Tuesday, May 01, 2012

Joke a day

Keeps the doctor away. I got this joke from my husband who got it from his father who got it from...who knows. But I love it! Cue joke:

An atheist was walking through the woods.

'What majestic trees! What powerful rivers!What beautiful animals!' He said to himself.

As he was walking alongside the river, he heard a rustling in the bushes behind him.

He turned to look. He saw a 7-foot grizzly bear charge towards him. 

He ran as fast as he could up the path.  He looked over his shoulder & saw that the bear was closing in on him.

He looked over his shoulder again, & the bear was even closer.
He tripped & fell on the ground.

He rolled over to pick himself up but saw that the bear was right on top of him, reaching for him with his left paw & raising his right paw to strike him. 

At that instant moment, the Atheist cried out:
'Oh my God!'

Time stopped.
The bear froze.
The forest was silent.

As a bright light shone upon the man, a voice came out of the sky.
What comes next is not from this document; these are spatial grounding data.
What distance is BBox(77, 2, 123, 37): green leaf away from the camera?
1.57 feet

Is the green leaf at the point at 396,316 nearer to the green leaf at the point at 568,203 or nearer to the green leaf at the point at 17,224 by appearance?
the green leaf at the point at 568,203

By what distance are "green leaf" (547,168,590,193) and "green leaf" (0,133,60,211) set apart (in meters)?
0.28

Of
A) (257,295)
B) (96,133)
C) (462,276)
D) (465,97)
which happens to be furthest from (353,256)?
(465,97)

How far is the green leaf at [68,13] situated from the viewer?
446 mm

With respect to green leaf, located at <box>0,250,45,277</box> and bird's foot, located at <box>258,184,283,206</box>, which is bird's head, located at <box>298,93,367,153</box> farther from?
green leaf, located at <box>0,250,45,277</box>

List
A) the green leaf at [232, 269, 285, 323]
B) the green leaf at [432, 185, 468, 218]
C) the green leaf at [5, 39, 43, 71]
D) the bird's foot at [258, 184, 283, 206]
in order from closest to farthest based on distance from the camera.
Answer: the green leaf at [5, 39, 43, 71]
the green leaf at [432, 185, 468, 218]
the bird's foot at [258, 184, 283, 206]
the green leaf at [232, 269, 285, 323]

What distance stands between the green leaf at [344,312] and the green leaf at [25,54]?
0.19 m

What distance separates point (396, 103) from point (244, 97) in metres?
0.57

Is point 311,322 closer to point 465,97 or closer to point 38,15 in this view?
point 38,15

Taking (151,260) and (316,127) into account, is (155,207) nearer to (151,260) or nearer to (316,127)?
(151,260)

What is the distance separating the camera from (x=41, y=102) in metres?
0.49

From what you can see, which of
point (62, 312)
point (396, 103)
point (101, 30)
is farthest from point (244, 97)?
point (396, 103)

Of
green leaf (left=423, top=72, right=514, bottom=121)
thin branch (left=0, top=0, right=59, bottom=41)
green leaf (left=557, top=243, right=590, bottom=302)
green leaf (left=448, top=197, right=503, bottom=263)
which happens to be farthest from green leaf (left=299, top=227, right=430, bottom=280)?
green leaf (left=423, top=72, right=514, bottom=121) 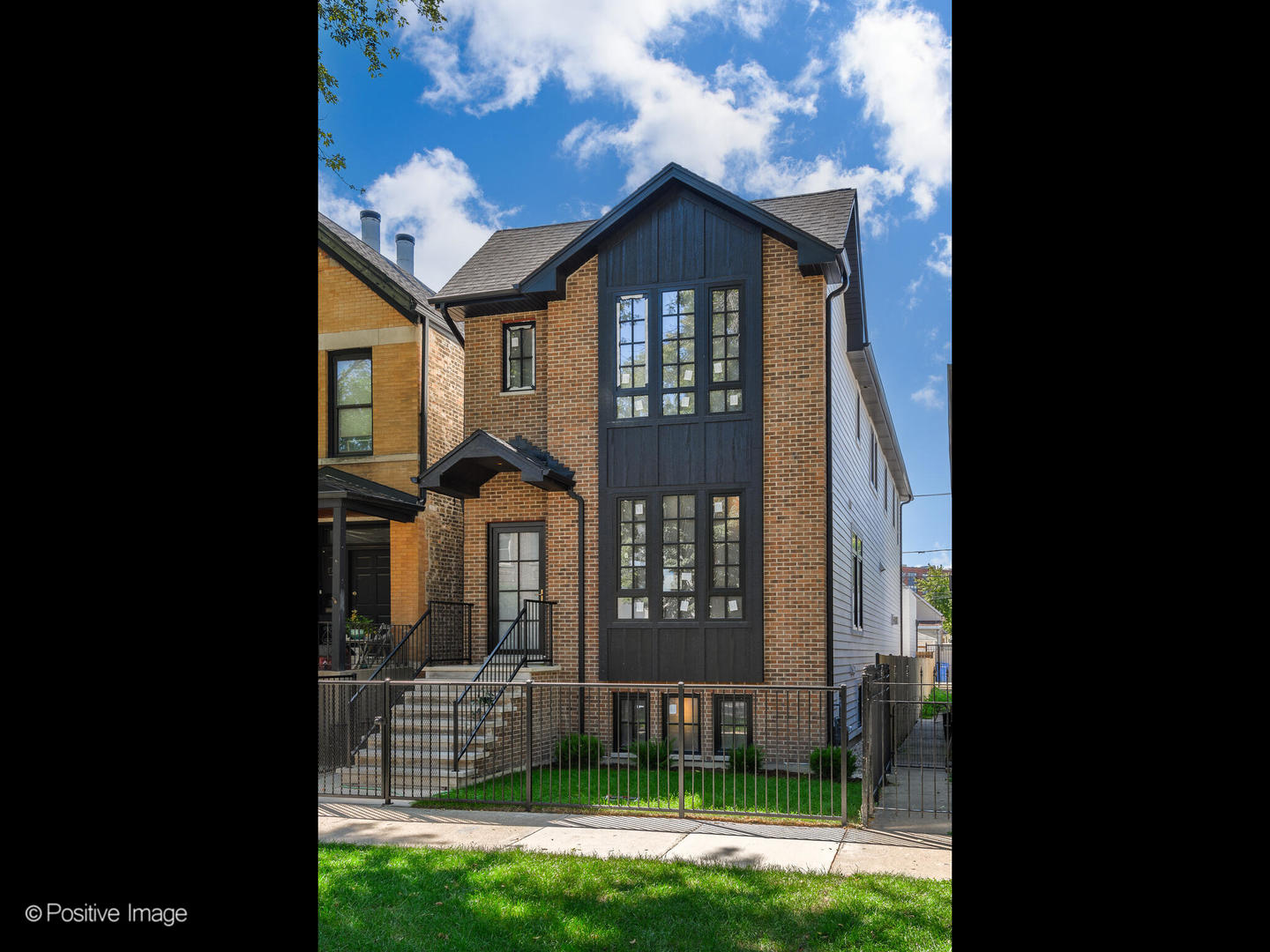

'You deny my existence for all these years, teach others I don't exist and even credit creation to cosmic accident. Do you expect me to help you out of this predicament? Am I to count you as a believer?'

The atheist looked directly into the light, and said: 'It would be hypocritical of me to suddenly ask you to treat me as a Christian now, but perhaps you could make the BEAR a Christian?'

'Very well', said the voice.

The light went out.  The sounds of the forest resumed.  And the bear dropped his right paw, brought both paws together, bowed his head & spoke: 

'Lord bless this food, which I am about to receive from thy bounty, through Christ our Lord, Amen.'

p.s any good jokes you have? Email them my way. 
p.p.s I ran 2.34 miles today at 8'54 a mile. Not bad eh?